The first such effort was made in 1973 by John Davies, of the Jodrell Bank Radio Astronomy Observatory near Manchester, England. Davies' approach was to re-design a Ferranti computer that had gone out of production to optimize its instruction set for Forth.
The first actual Forth computers were bit-sliced board-level products. The first of these was made by a California company called Standard Logic, in 1976. By making a minor modification in the instruction set of their board-level computer, Standard Logic's chief programmer Dean Sanderson was able to implement the precise instruction that Forth uses in its "address interpreter" to move from one high-level command to the next. Their system was used widely by the U. S. Post Office.
In the early 1980's, Rockwell produced a microprocessor with Forth primitives in on-chip ROM, the Rockwell AIM 65F11 [Dumse, 1984]. This chip has been used quite successfully in embedded microprocessor applications. However, no attempt was made to adapt the actual architecture of the processor (basically a 6502) for Forth support.
In 1981, Moore himself undertook to design an actual Forth chip. Working first at FORTH, Inc. and subsequently with a start-up company called Novix, formed to develop the chip, Moore completed the design in 1984, and the first prototypes were produced in early 1985 [Golden, 1985]. This design was subsequently purchased and adapted by Harris Semiconductor Corp., and formed the basis of their line of RTX processors. [note]
Starting in the early 1980's, a group at the Johns Hopkins Applied Physics Laboratory in Maryland developed a series of experimental Forth processors for use in space instrumentation [Hayes, 1987]. The most successful of these, marketed as the SC-32 by Silicon Composers of Palo Alto, CA, was used to control the Hopkins Ultraviolet Telescope which flew in the Columbia Space Shuttle in November, 1990 [Ballard_1991]. It continues to be the basis for more space instruments under development.

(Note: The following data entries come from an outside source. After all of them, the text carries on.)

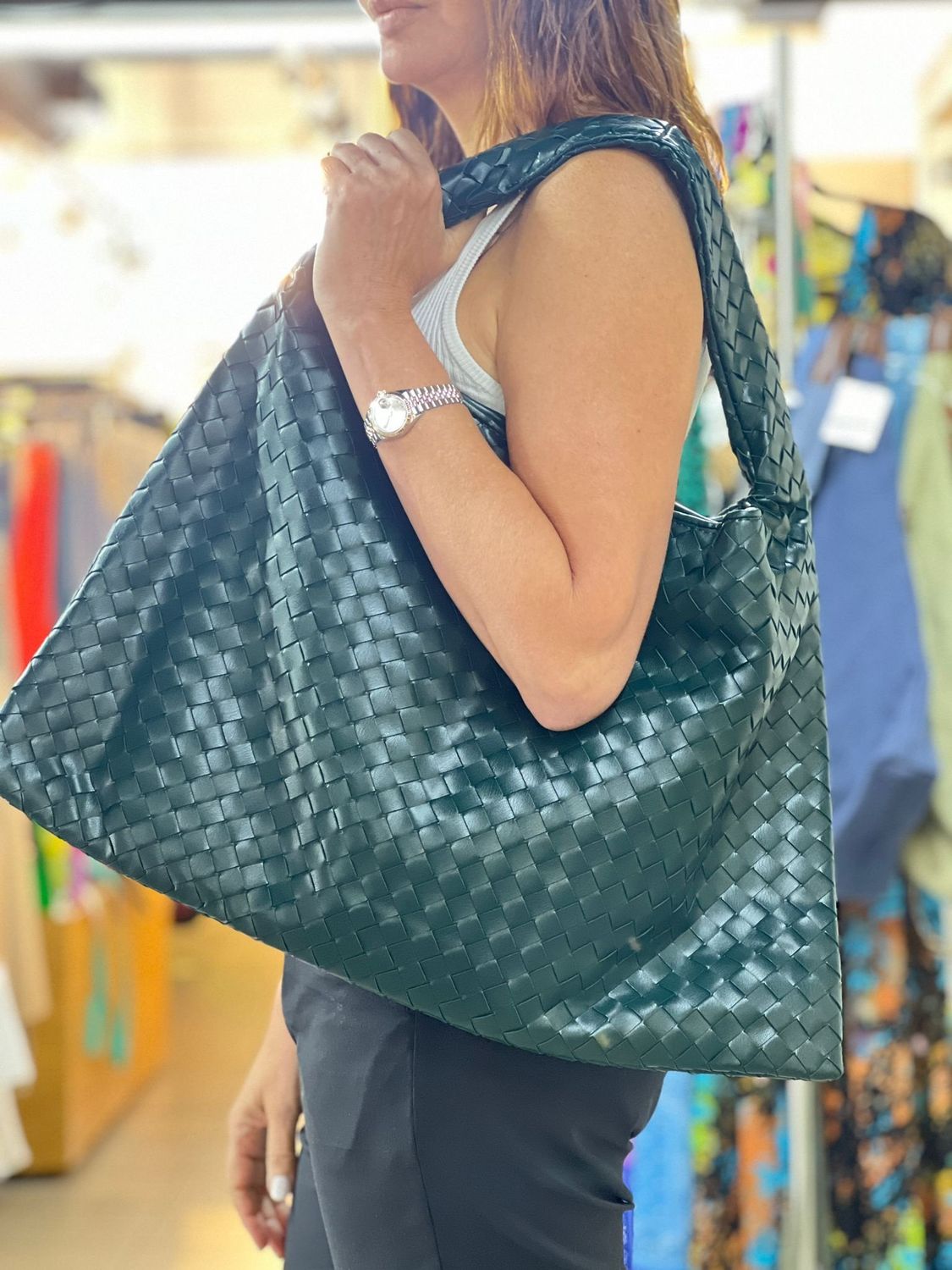 Chic Tote(more Colors), Color: green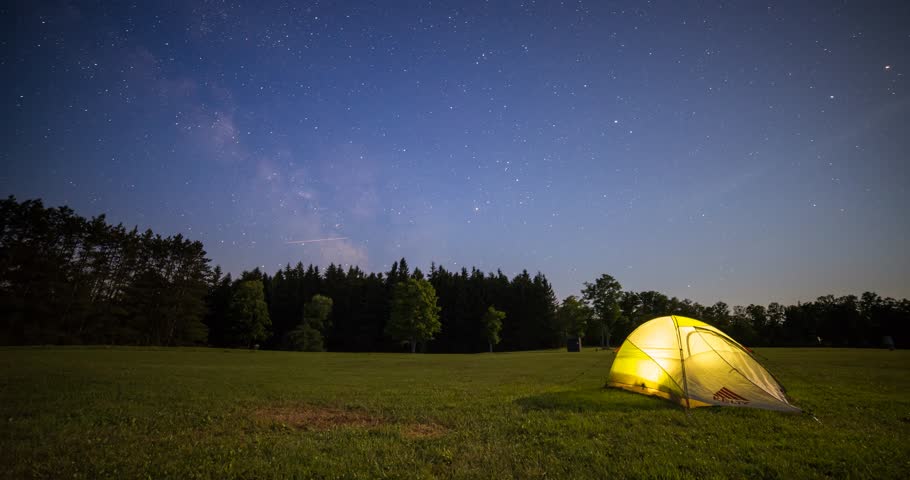 Camping Under The Milky Way Stock Footage Video 100 Royalty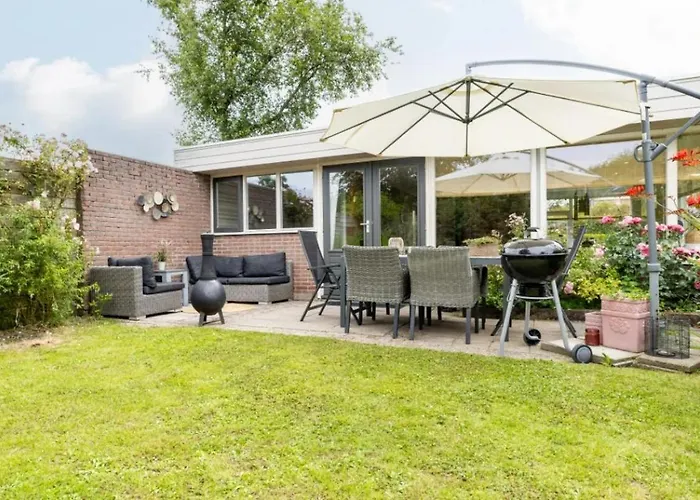 度假居 Vt Wonen Stijl Vakantiebungalow Nabij Zee, Strand, Bos En Duinen Voor 6 Personen *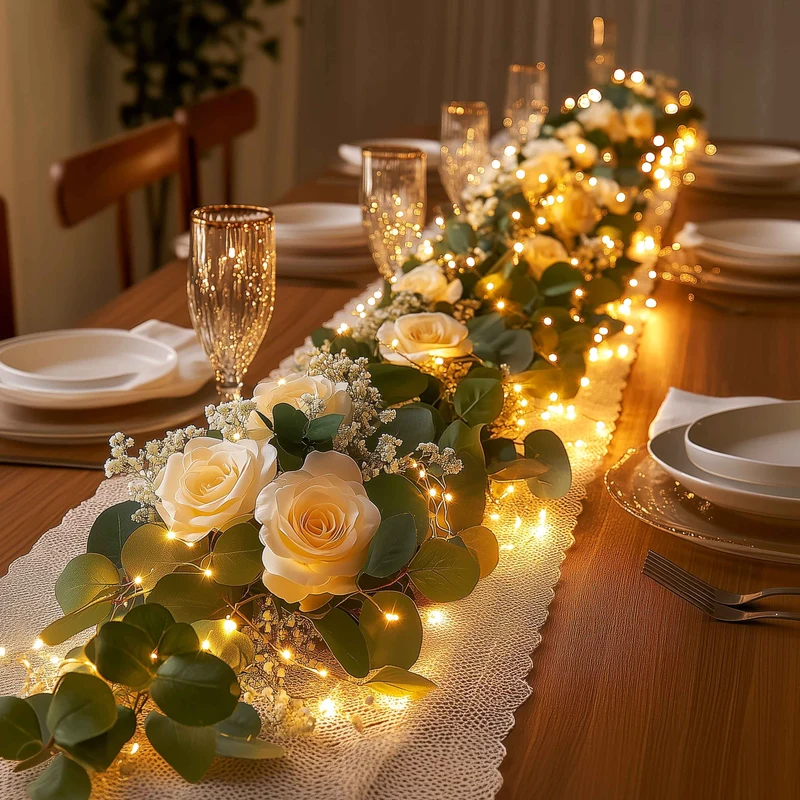 RoseAura | LED-Rosenkranz für stimmungsvolles Ambiente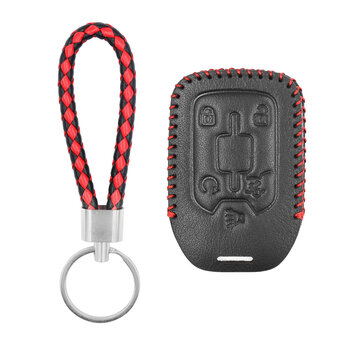Leather Case For GMC Chevrolet  Smart Remote Key 4+1 Buttons...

Moore himself, working on his own, has continued to develop Forth-based processors for special applications.
The various Forth processors have had an influence on Forth software systems. In order to take full advantage of these architectures, Forth compilers were developed by Moore, FORTH, Inc. and Laboratory Microsystems that generated machine code optimized for the chip's internal architecture. A native looping structure in the Novix and Harris chips called FOR … NEXT (which counted down from a single-argument upper limit to zero) led to adoption of this structure in other Forths as well.